### [EXERCISE DESCRIPTION]
Each line from the one containing "AURALEE / Washed" through the last line of the entries below is to be transcribed exactly. Nothing else belongs in the reply.

### [THE INPUT]
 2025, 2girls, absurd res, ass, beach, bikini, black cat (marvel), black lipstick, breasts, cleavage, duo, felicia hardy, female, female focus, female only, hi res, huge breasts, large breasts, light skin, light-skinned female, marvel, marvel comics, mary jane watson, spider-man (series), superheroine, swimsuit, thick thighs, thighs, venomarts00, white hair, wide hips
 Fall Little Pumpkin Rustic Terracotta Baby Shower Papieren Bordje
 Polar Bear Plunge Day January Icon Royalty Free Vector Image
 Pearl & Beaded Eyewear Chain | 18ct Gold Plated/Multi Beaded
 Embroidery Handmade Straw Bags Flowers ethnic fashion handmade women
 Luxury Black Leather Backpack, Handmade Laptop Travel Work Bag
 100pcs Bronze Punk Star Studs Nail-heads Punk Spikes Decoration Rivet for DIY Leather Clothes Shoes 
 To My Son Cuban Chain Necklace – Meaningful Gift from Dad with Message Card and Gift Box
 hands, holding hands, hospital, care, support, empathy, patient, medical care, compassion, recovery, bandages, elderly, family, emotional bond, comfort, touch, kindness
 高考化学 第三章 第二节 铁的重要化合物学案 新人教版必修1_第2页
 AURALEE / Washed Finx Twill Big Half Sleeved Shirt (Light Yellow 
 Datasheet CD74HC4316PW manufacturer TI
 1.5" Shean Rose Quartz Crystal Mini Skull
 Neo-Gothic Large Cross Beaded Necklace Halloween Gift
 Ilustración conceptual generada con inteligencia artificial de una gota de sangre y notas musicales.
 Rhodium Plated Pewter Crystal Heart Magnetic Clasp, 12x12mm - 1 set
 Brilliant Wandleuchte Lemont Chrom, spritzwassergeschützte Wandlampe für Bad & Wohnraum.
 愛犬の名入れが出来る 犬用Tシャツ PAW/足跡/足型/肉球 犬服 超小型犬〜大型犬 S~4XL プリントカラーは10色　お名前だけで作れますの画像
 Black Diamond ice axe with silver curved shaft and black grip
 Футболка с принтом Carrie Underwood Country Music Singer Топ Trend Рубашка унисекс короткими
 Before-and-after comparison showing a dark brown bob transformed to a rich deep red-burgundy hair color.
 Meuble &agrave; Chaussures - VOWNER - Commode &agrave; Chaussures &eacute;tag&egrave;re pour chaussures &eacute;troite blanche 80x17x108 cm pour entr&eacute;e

### [COMPLETED TASK]
 AURALEE / Washed Finx Twill Big Half Sleeved Shirt (Light Yellow 
 Datasheet CD74HC4316PW manufacturer TI
 1.5" Shean Rose Quartz Crystal Mini Skull
 Neo-Gothic Large Cross Beaded Necklace Halloween Gift
 Ilustración conceptual generada con inteligencia artificial de una gota de sangre y notas musicales.
 Rhodium Plated Pewter Crystal Heart Magnetic Clasp, 12x12mm - 1 set
 Brilliant Wandleuchte Lemont Chrom, spritzwassergeschützte Wandlampe für Bad & Wohnraum.
 愛犬の名入れが出来る 犬用Tシャツ PAW/足跡/足型/肉球 犬服 超小型犬〜大型犬 S~4XL プリントカラーは10色　お名前だけで作れますの画像
 Black Diamond ice axe with silver curved shaft and black grip
 Футболка с принтом Carrie Underwood Country Music Singer Топ Trend Рубашка унисекс короткими
 Before-and-after comparison showing a dark brown bob transformed to a rich deep red-burgundy hair color.
 Meuble &agrave; Chaussures - VOWNER - Commode &agrave; Chaussures &eacute;tag&egrave;re pour chaussures &eacute;troite blanche 80x17x108 cm pour entr&eacute;e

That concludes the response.